The 2020 Presidential Primary is still months away, yet local election commissions are already working at a fever pitch to get ready.

St. Louis County gave 5 On Your Side a rare glimpse behind the scenes to show how they are making sure our elections are safe.

When it comes to election security, there are protections you can see like the ballot room, that requires election workers from both parties to scan their ID at the same time, just to get the door open.

"There’s never anybody alone in one of these rooms. There’s always a bipartisan team together," says Eric Fey, the Democratic Director of Elections for St. Louis County.

Fey said most of the safeguards for fair and safe elections happen deep within computer hard drives.

"We have worked with the Missouri Secretary of State and the Department of Homeland Security to make sure we’re doing everything we can here, to make that system as secure as possible," he said.

Back in 2016, the Russia misinformation campaign got all the headlines, but many forget they also targeted election systems in all 50 states.

"So since then, every state including Missouri and most counties have taken additional steps to secure their voter database," said Fey.

Those upgrades includes brand new voting machines. In many ways, it'll feel like back to the future.

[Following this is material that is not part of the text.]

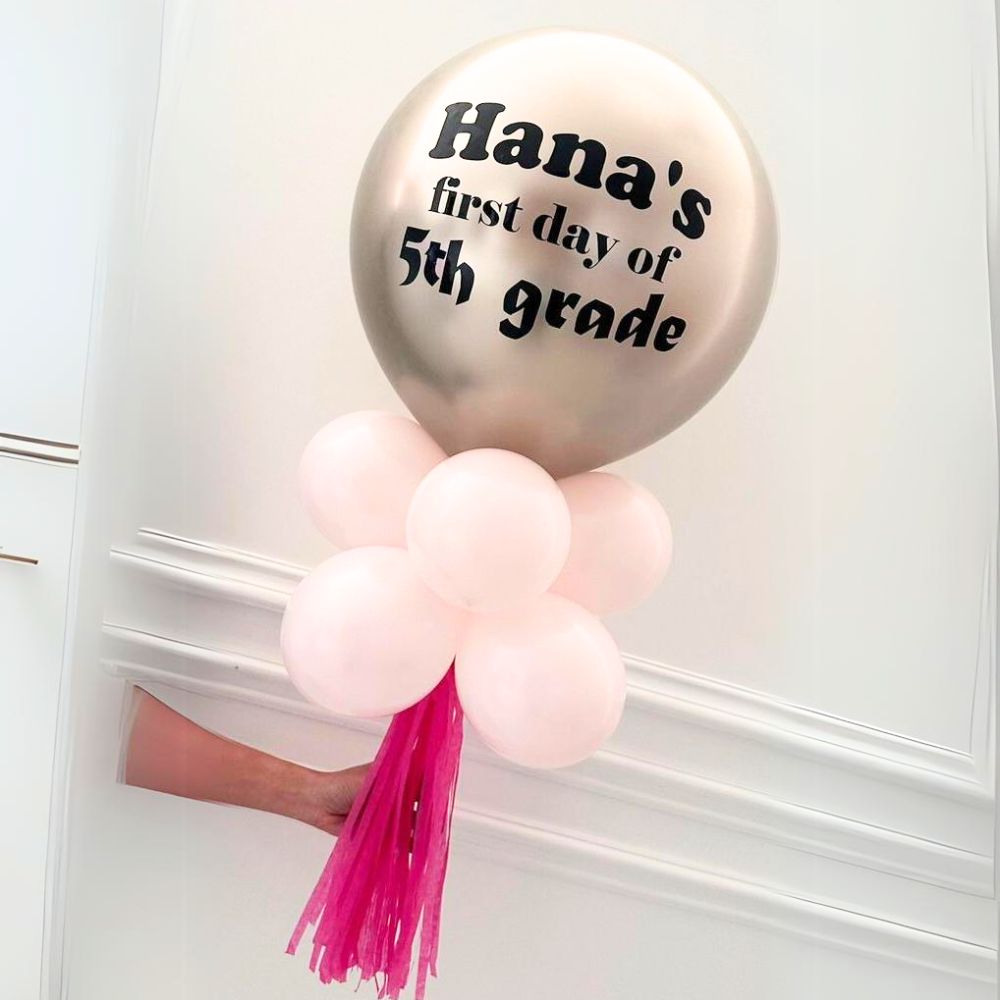 Personalised Back to School Balloon Wand - Metallic, featuring a large balloon with black text, surrounded by smaller pink and white balloons, and a matching tassel.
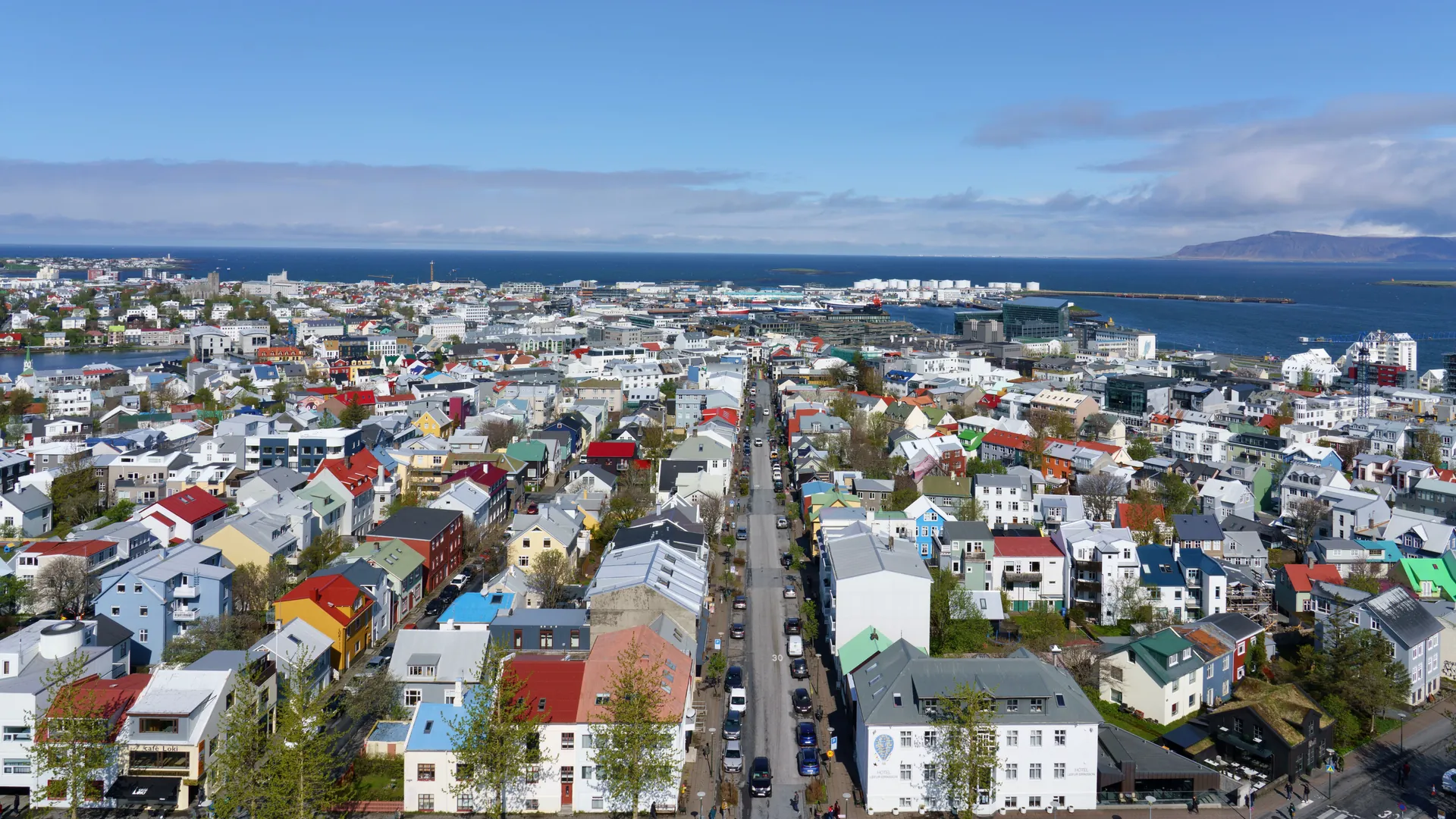 Aerial view of Reykjavík’s colorful rooftops with the sea beyond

The new machines print paper ballots. They made the move because it's more secure and the machines allow you to print your specific ballot, so there's no mix-up.

Fey said the most detrimental threat to the safety of our elections is also something you can't see, uncertainty.

"[Bad] actors in 2016 just wanted to sow doubt in people’s minds that the election wasn’t secure, and that’s really what this meeting about is tonight, to reassure that sense of confidence," Fey said.

Fey says, in addition to enhanced security, the new voting machines will save taxpayers about $3-4 million by converting all of the machines back over to paper ballots.